| Work item |
Where does the word "Christmas" show up in the records? Copy every line that has it.

| Supplied material |

+++++

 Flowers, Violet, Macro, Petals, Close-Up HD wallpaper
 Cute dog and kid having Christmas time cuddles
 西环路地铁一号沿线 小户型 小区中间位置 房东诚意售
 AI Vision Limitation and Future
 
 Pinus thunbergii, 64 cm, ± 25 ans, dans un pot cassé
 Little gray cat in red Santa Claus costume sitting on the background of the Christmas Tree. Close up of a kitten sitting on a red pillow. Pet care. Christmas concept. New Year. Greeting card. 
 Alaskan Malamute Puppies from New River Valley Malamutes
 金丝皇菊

+++++

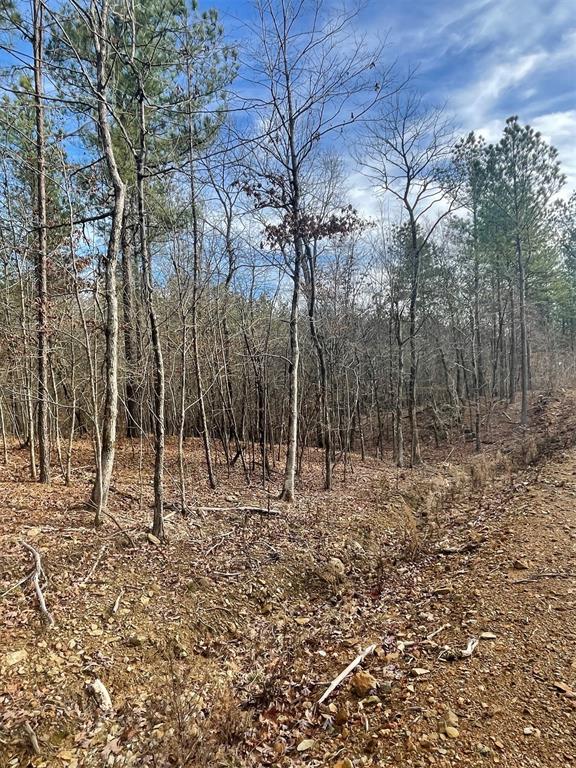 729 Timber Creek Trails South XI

+++++

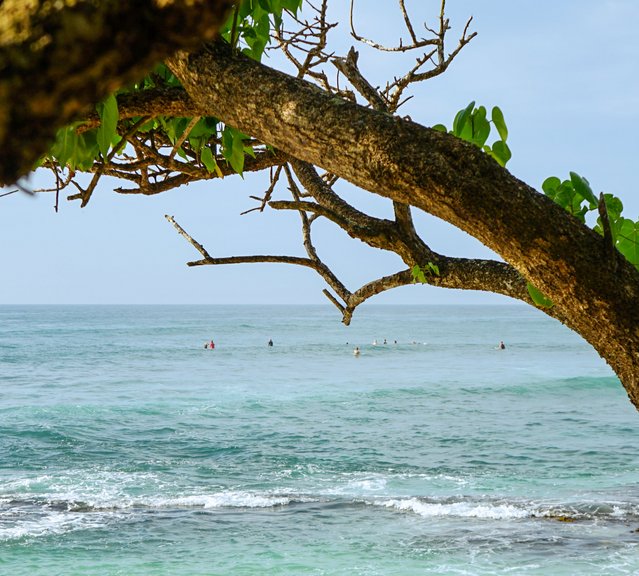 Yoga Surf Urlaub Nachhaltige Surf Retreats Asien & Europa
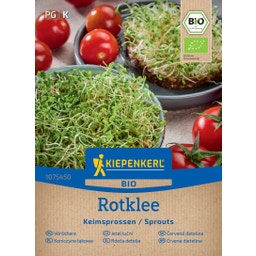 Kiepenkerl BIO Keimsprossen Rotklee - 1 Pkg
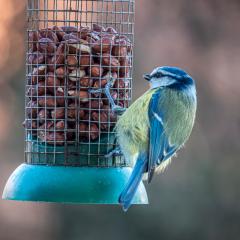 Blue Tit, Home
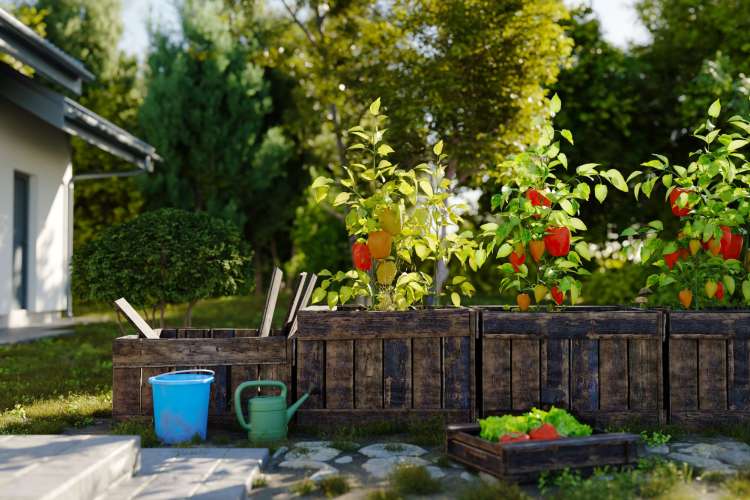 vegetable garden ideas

+++++

| Answer area |
 Cute dog and kid having Christmas time cuddles
 Little gray cat in red Santa Claus costume sitting on the background of the Christmas Tree. Close up of a kitten sitting on a red pillow. Pet care. Christmas concept. New Year. Greeting card. 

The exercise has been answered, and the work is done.